By Area 14/8

In light of Prime Minister Nawaz Sharif’s second official visit to the US since 2013, the media was abuzz with speculating what the agenda of the meeting would be. With Obama’s decision to retain troops in Afghanistan till 2017, this meeting gained even more significance as the decision meant that the two countries will continue spearheading the fight against terrorism in the region for the foreseeable future. While some experts felt that nuclear escalation in the region and relations with India would form the core of the agenda, others pointed out that a stable Afghanistan would be Obama’s only concern towards the end of his tenure; however, a compilation of ten issues that Obama needs to address published on the Huffington Post really took the cake. Penned by Malik Siraj Akbar, who would more than qualify as an ‘expert’ given his credentials dismally failed to live up to all the accolades he has received as a journalist. While the internet is flooded with articles that criticize just for the sake of criticism and further a certain agenda, this one stood out for the lack of depth and understanding with regards to the very basic issues it raises.
While all of the ten points aren’t worthy of being addressed, a couple them deserve to be countered as they have been circulating in the realm of social media for quite a while. Starting with Pakistan’s complacence when it comes to taking action against outfits such as the LeT, it is as simple as chalking out a strategy and prioritizing according to exceptional circumstances. Pakistan’s armed forces have been deployed in tribal regions to eradicate the networks of al Qaeda and the TTP, and taking into consideration the volatile situation of the region and arrival of ISIS in Afghanistan, the forces will be stationed in the region till at least 2019. Pakistan faces a long-term struggle against terrorism and more importantly against extremism, but Mr. Siraj should be aware of the fact all the militant outfits cannot be dealt with a mere swoosh of the wand.

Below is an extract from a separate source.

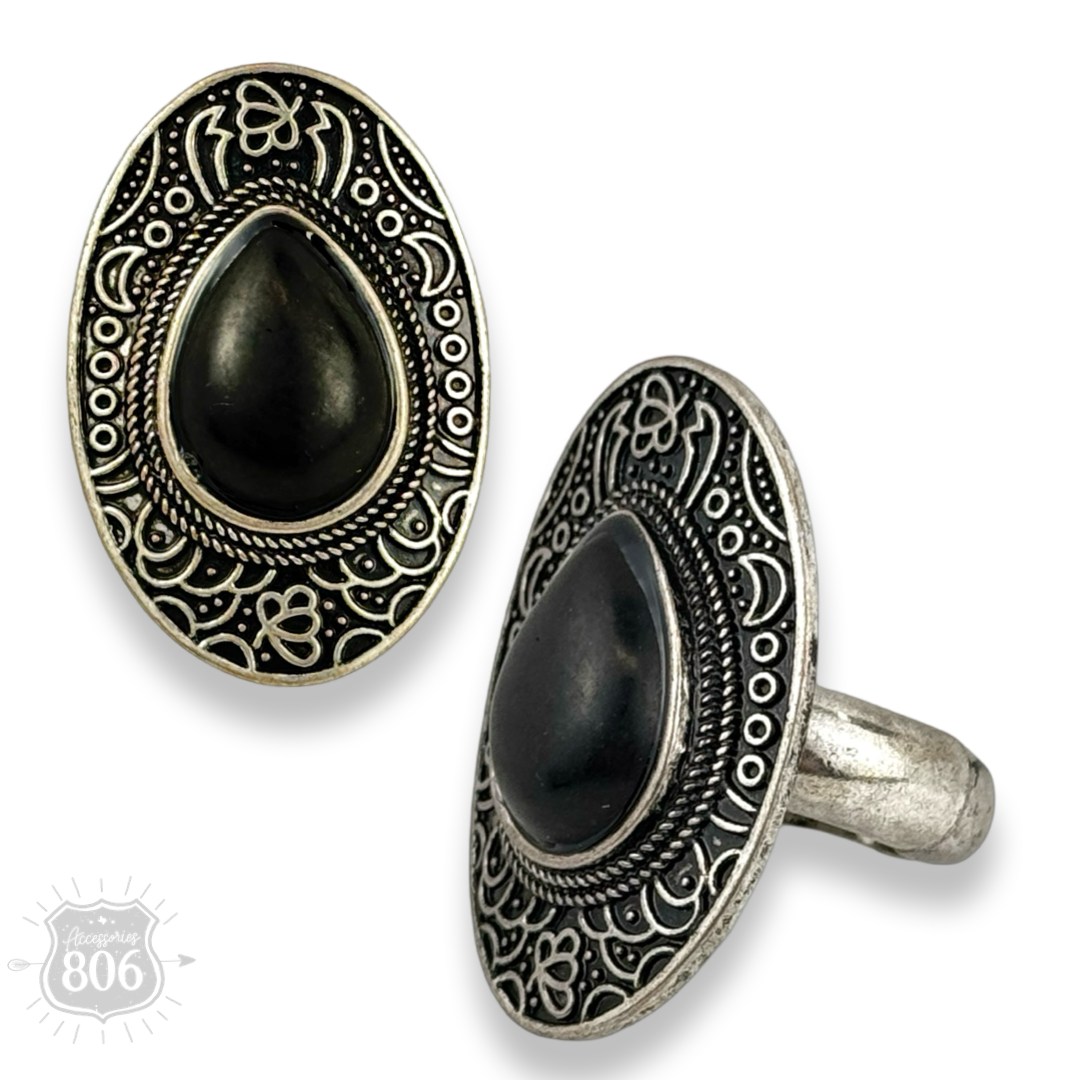 Etched oval stone ring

Mr. Siraj feels that “Obama must urge Sharif to repeal, or at least reform, the infamous blasphemy law, which is mostly used against religious minorities.” Apart from the fact this issue would not even be considered as part of the agenda by the Obama administration, it seems that the author is oblivious to the on-ground realities and widespread extremism in the country. Misuse and exploitation of the law has been a recognized issue before Nawaz Sharif came to power again in 2013, and such reform cannot take place in vacuum unless a shift comes about in the way the Pakistani society views the law. That shift has been taking place gradually though, the recent judgment of the Mumtaz Qadri trial and even more recent statement by the Supreme court stating that calls for improvement of the Blasphemy law are not objectionable point to the fact that small but significant steps are being taken to improve the implementation of the law.
With regards to the situation in Baluchistan, there has never been any doubt that the Baloch people harbor legitimate grievance. However, there is no denying the fact that external involvement in the province has been a serious obstacle in the path of the Pakistani administration that has attempted to adopt more inclusive measures to address and tackle the prevailing issues in Baluchistan. Moreover, one would wonder why Obama would choose to address this issue, while he chooses to regard the Kashmir issue as an internal one.
The author also touches upon other issues such as the Cybercrime Bill, sectarian violence, and the ‘return’ of the death penalty. With regards to the cybercrime bill, there have been concerns over the intrusion of privacy and curtailing of dissent; however, President Obama would think twice before raising this issue because of the countless number of fundamental human rights violations that have taken place under the Patriot act (NSA being exposed by Edward Snowden). Moving on to sectarian violence, as mentioned previously, extremism is more of a threat to Pakistan compared to terrorism; precisely because the latter can be curbed using force while the former cannot. Mr. Siraj confidently states, “Sharif, the only politician to run the country for a third term, has made no policies to curb violence and hatred against religious and sectarian minorities nor does it appear on his list of things to do in the future.” It could be the case that the author is unaware of the recent operation that wiped out the top leadership of LeJ recently, or the fact that the federal government last month announced the commencement of an operation in Southern Punjab targeting exclusively sectarian militants. At last, no one claims that military courts are an ideal situation; but taking into account the lack of judicial reform that has taken place, the backlog of pending cases in civilian courts, issues with regards to the witness protection act etc, it is understandable as to why military courts are being considered as an option in such exceptional circumstances. As far as the death penalty is concerned, President Obama would know better than to point a finger towards Pakistan as states such as Connecticut are debating over its merits, and more importantly the simple fact that it is an internal issue.
Considering the fact that the Huffington Post has an ever-growing active community and was also ranked #1 on the 15 Most Popular Political Sites list by eBizMBA Rank according to traffic in 2012, perhaps it would serve the renowned news aggregator well if more stringent standards were put in to place to prevent the publishing of half-cooked agenda driven write-ups.